In this post, I want to introduce a way that I have recently shifted to in talking about the impact of our course reform to certain audiences that I think is quite useful. I will use our recent efforts at course reform at our introductory as an example:
OK, so here is part of the timeline for our course reform efforts:
I joined the department in 2011, when active learning was implemented department-wide in our introductory physics courses. Slightly before and in the year following my arrival, our department tinkered with various reforms. Here is what our data looked like in terms of normalized gain.
To locate these normalized gain within a comparative landscape, it’s useful to consider our results as compared to typical results.
Dissatisfied with these results are more comprehensive overhaul was undertaken
At the time, we were engaged in the pilot, I had tried communicating the results to my faculty in the following way — showing raw gain, and providing percentages of students who met certain thresholds.
Roughly, these corresponded to normalized gains for the pilot that were 45-55%, which put our results more on the “good” side of the comparative/ normative landscape:
After the pilots, we scaled up the new course to the entire department, and we were able to maintain the gains, which you can see here.
If you are someone in the physics education community, there’s a good chance that I’ve provided sufficient information for you to have a sense of what the outcomes we achieved might mean, even if there’s certainly more you would like to know. This is mostly because, I have focused on using normalized gain as the main lens.
So where to go now? For me, in talking about this with various audiences who are not connected to the physics education community, I have found it useful to translate these results in a different way. To do so, I leverage that fact that normalized gain on the FCI are often correlated with SAT /ACT scores, which I have written about before generally. and also more specifically here.
The basic idea is to disaggregate the data by ACT score. For our reform courses, you get the following graph:
This shows that, on average, students with higher ACT scores end up with higher normalized gains. Our average student has an ACT score of 24, and a learning gain of 44%. Students with ACT scores above 30 tend to achieve learning gains above 65%. Students with ACT scores below 20 tend to below 30%.
If we see similarly disaggregate our data from before the course reform you get the following:
So, the basic gist here is that our new course tended to improve outcomes for everyone, regardless of ACT score, and it tended to increase scores by about the same amount, say about 17% gains.
But there is another way that we could have achieved a similar boost of 17% without making any changes to the course.
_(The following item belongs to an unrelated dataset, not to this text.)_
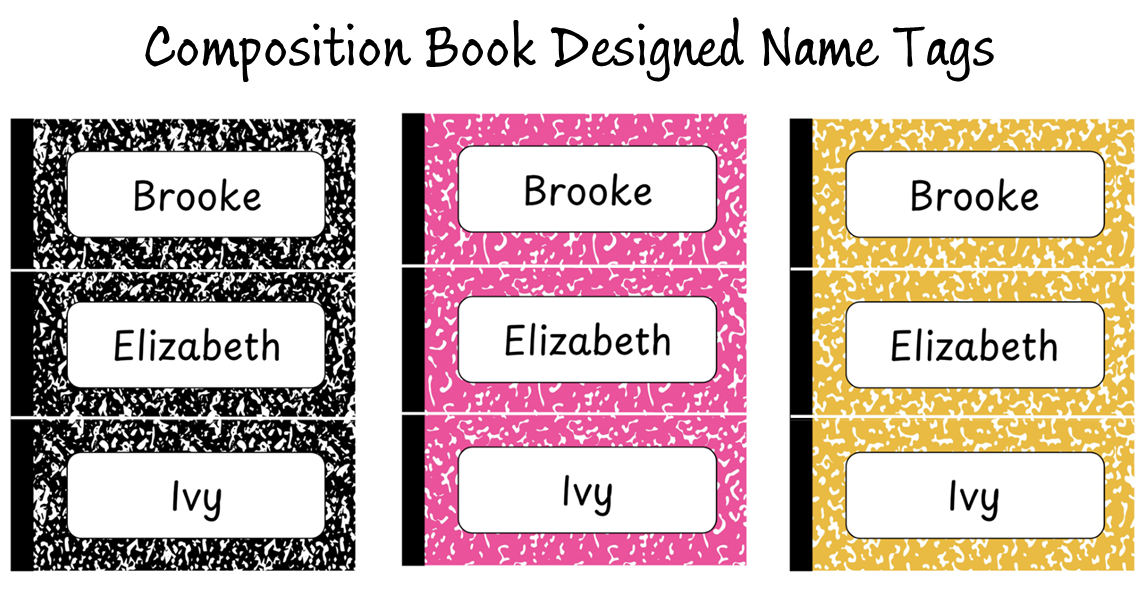 Composition Name Tag Desk Plate - Student Desk Plate - Printable Desk Name Tag - Editable Name Plate - Composition Notebook Classroom Decor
We could have somehow been more selective about what students we allow to take our course. The question then becomes, how much more selective would we have needed to be?
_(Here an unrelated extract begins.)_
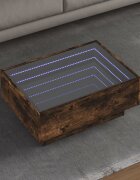 vidaXL Маса за кафе с LED опушен дъб 70x50x30 см инженерно дърво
This is the graph that I have been building up to when I am speaking with audiences that are less familiar with the FCI and physics education.
I turns out, that for our course reform efforts, relative to the old course, students are now performing as if they had an ACT score ~ 5 points higher than before. Or, in order to achieve the same result with the old course, we would have needed a population of students with an average close to an ACT of 29.
[For reference, the ACT benchmark score for college readiness across STEM fields is ~ 26, and for biology specifically it is ~23. The average ACT score for students at MTSU is 22 ]
I don’t think what I have done here is a big deal, but I think it’s definitely worth sharing. So, here are some of my take-aways:
First, at my institution, faculty and administrators are much more likely to be familiar with the ACT. Thus, when engaging those audiences, it makes sense for me to translate into a measure related to the ACT. Maybe this will be useful for others?
Second, disaggregating data is really useful, in general. I hope to motivate more physics educators to disaggregate their data in various ways. Beyond what I’ve talked about here, disaggregating your data gives you a much more nuanced view of what’s going on.